A couple of months beforehand, it was Ziggy’s Hudson, adding to its weekly mixture of pianos and solos and duos and more that is frequently altered and flipped around, with Wednesday night karoake that often featured bartender Megan and her beautifully done I’ve-been-a-country-women-wronged songs. Alas, a month ago, Ziggy’s changed gears again, as they also did last year for Wednesdays when shuttering — at least for now — Kyle Kohila’s one-man act. They’re going much more to rich-toned and deep-voiced country, and there’s always the upstairs on weekends for full-on bands.
But there still are long-running, continuing despite a switch in host and keeping with quality, karaoke gigs that prevail — also on Thursday nights — at the Wild Badger in New Richmond. It started with a Wedding Day DJ variety named All Occasions, then late in 2023 yielded the stage to DJ BDay. More on that later. And earlier, a few posts down, I introduced you to Skakin’ Dave across the street at Bobcat’s, three times a week.
Step it up once more, and its like being with a band, you have the open mic night at Bobtown in Roberts that shows styles of stuff beyond the folkish-ness that usually rules the day. Or night, or early evening. Its on Monday starting at 5 p.m., (for those nursing a weekend hangover and not wanting to need to close it down?)
Hop N Barrel has been rocking it for some time, also with early origins, starting with Friday nights from a booth-type corner-of-the-room tucked away beyond the rest of the tables in a main room adjoining the other big main room. Now they’ve added Saturday nights too for live music. “I don’t know just how long, its been a while now,” a bartender said about kickin’ it later into the weekend.
Over at the relatively new 501 Tavern, the bartender referenced being really tight with another in her trade, in it for the long haul at The Next Door tavern, where Fridays do not wait until typical happy hour time to bring the band. The first tender I just tendered, a somewhat-seasoned singer in her own right, has often made the early-weekend run from North Hudson to Houlton to grab the mic.
I also grabbed a business card, from Randy Burger who too was playing solo, as a street musician, up on the other end of Locust, perched on the sidewalk up against a building. He had more than one guitar to pick from, merging an electric sound with acoustic. He said he’d be back, at this spot, once in a while in summer.

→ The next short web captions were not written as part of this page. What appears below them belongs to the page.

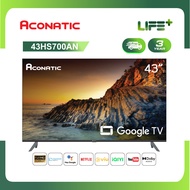 [2023 New Google TV] Aconatic Google TV FHD รุ่น 43HS700AN ขนาด 43 นิ้ว รองรับ WiFi ระบบปฏิบัติการ Google/Netflix &amp; Youtube, Voice Search, Frameless Design, Dolby Audio,Chromecast Built in (รับประกัน 3 ปี)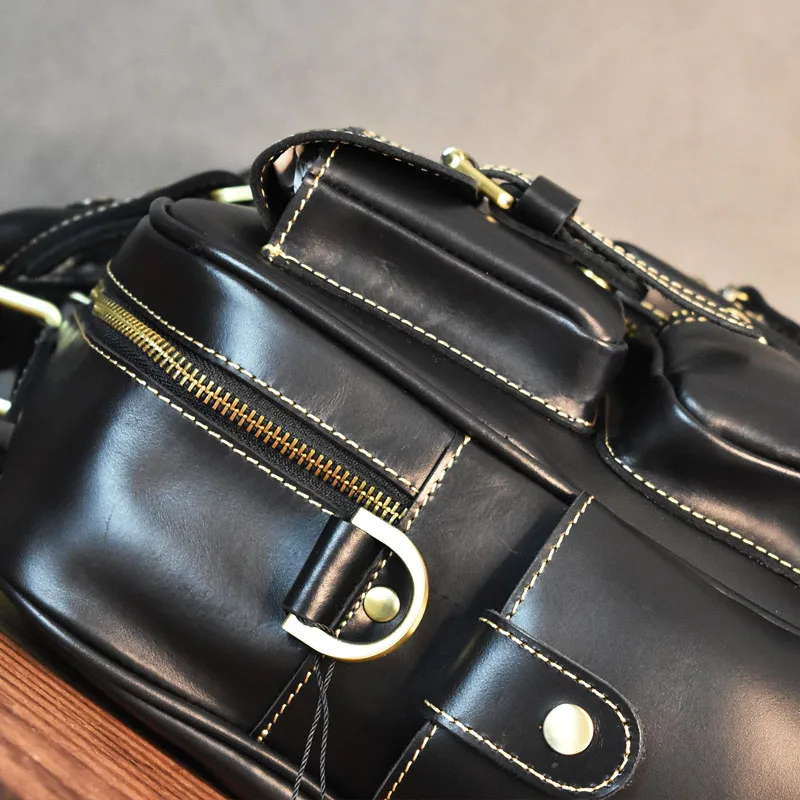 Vintage Men's Black Shoulder B - Luxury Bags Laptop ulasan dan harga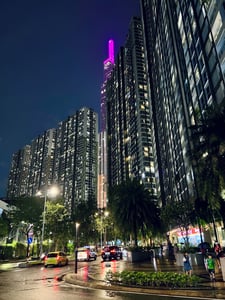Vinhomes Central Park in a rainy evening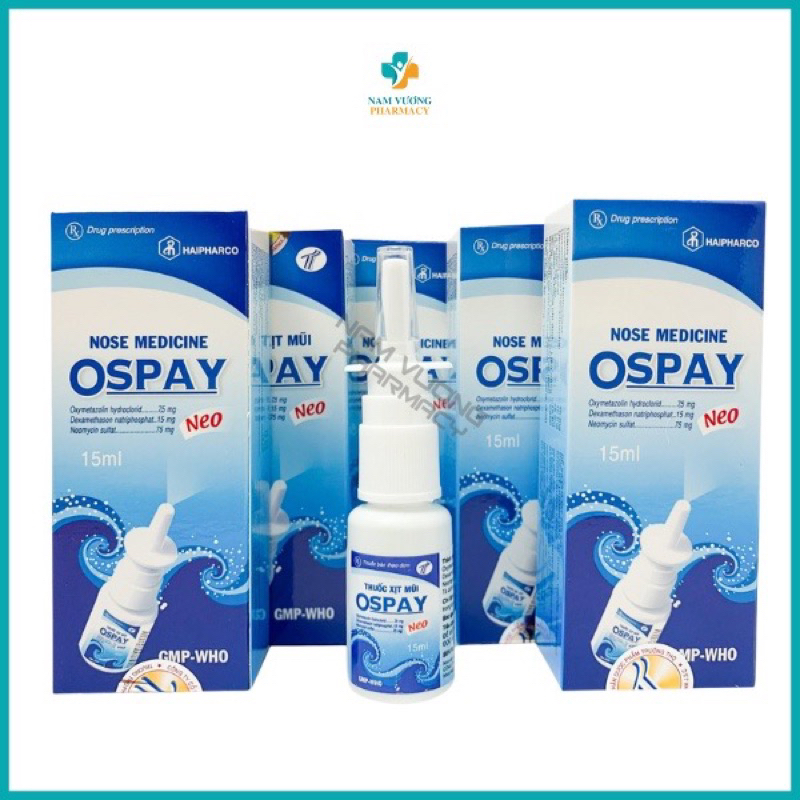 Ospay Neo - Nước xịt chống ngạt mũi, sổ mũi ngăn ngừa nước mũi, kháng khuẩn, vệ sinh mũi - Hộp 15ml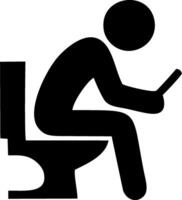Person Sitting on Toilet Using Mobile Phone vector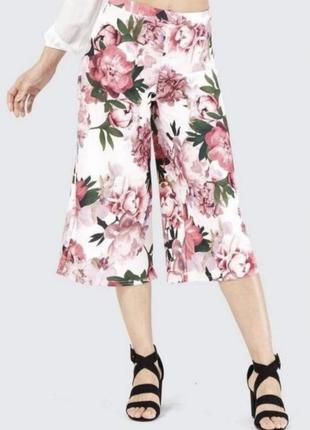 Летние укороченные брюки кюлоты с высокой эластичной талией в крупный цветочный принт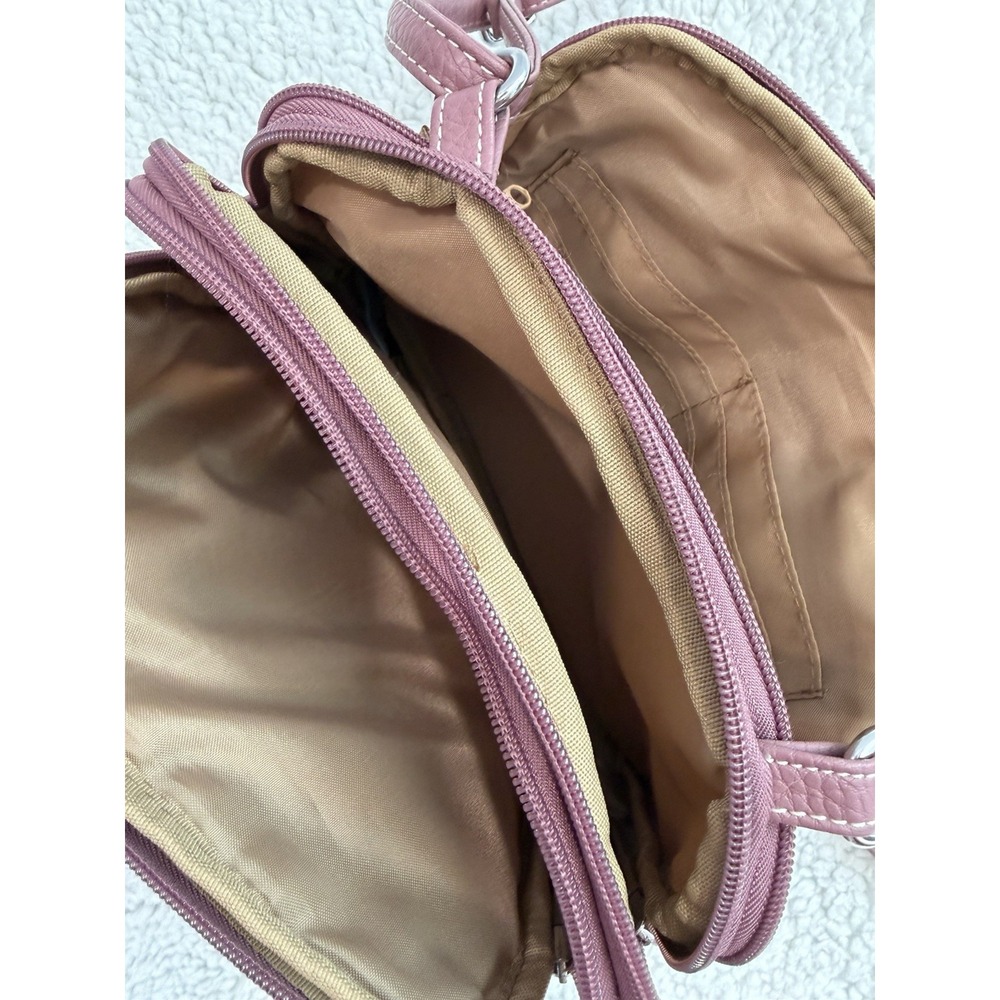 MultiSac Crossbody Bag Mauve Pink Faux Leather Multi Pocket Shoulder Purse - Picture 8 of 12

Also now returning, is the spotty spate of spacings to house The Nova, currently positioned just inside the building that is Casanova Historic Liquors, not out on the patio out the back.
Tarnation Tavern in River Falls and The Empoureum in the town of Hudson are much alike, in that they bring a different set of bands then what you’d usually find, with the first doing their musical thing every weekend, usually at least once, and the second picking and choosing throughout the summer, then look out in fall. Johnnie’s on the same street, what in tarnation, also is upping the ante with their frequency of bands, and add to the list of such Tattersall distillery on the far south end.

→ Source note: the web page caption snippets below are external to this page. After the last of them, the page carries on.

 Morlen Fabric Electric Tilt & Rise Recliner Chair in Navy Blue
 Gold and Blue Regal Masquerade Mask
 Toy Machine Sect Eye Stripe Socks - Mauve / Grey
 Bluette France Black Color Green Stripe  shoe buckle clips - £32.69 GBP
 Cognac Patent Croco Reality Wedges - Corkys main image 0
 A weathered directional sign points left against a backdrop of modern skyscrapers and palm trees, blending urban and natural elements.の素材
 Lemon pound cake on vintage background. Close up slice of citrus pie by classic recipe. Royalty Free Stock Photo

Some other venues cater to combining with motorcycle runs when they give it a run with music, after the ride. Leading that batch is The GasLite in Ellsworth, when this time, its the early Saturday rally to support Alzheimer’s that finishes its riding around dusk with a show by Theater of Pain, bearing so many tribute-band similarities to Motley Crue (down to the masks) and the crew with their rock and look, and more. (Check out the Crue’s third studio album.)

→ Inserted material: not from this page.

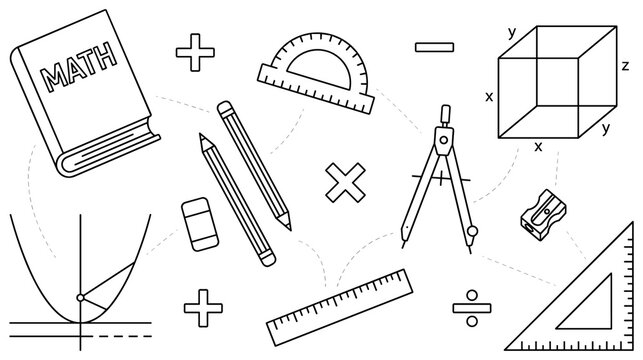 Mathematics educational tools kit with geometry objects and math formulas.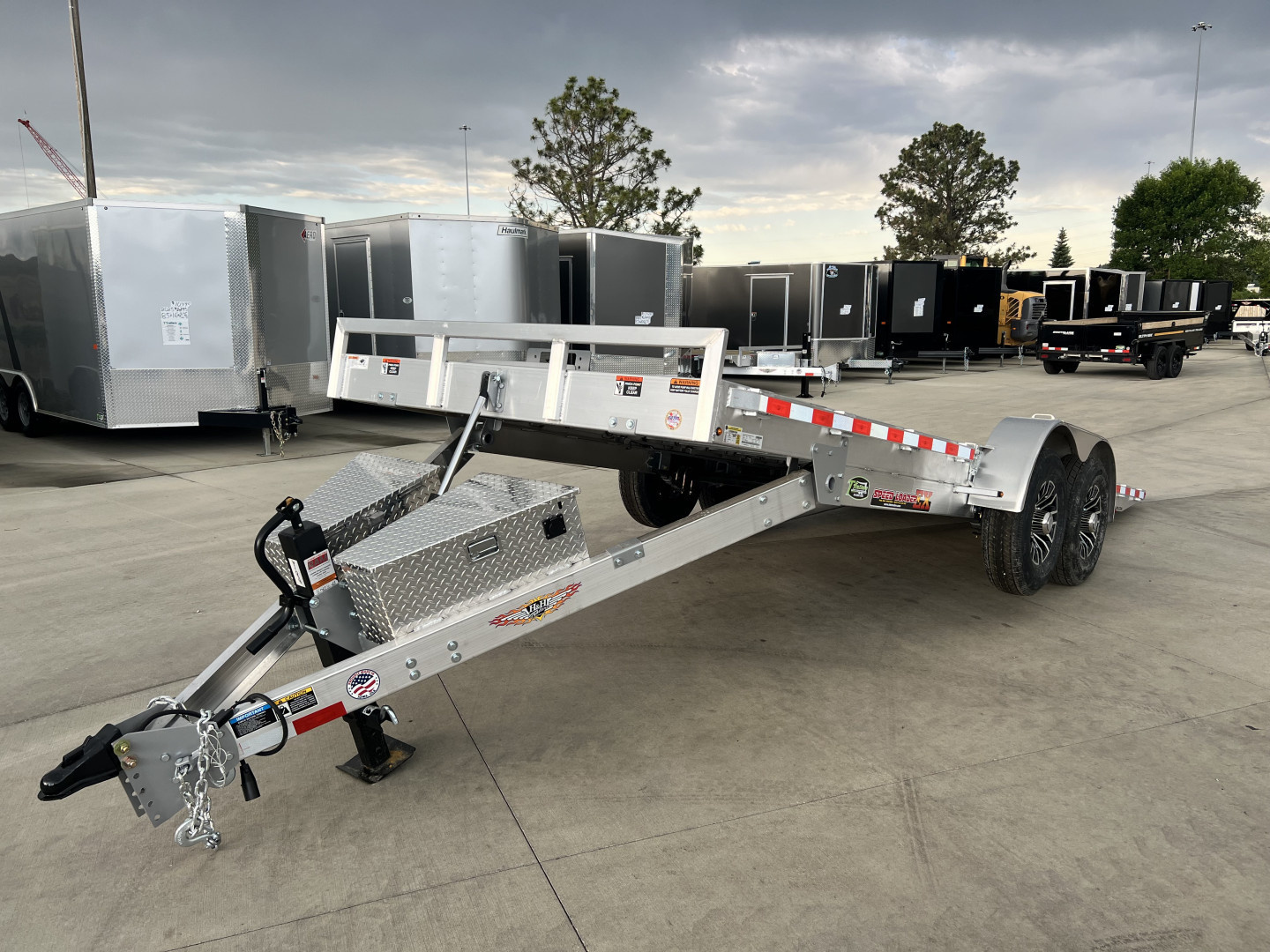 New NEW 2026 H&H Speedloader LOW PROFILE ALUMINUM 20’ POWER TILTbed flatbed Trailer 2-7000 lb axles =14K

On the way, check it out with your bike at another charitable-aiding rally that’s over at the American Legion Post in River Falls, with ending tunage by Whiskey Rock, and with a name like that you think of southern and classic and new and even outlaw country. However, the set list of this new band from Prescott shows a range of rock that is really broad, and even merges into hip-hop. The date of the run and concert is a Saturday TBA.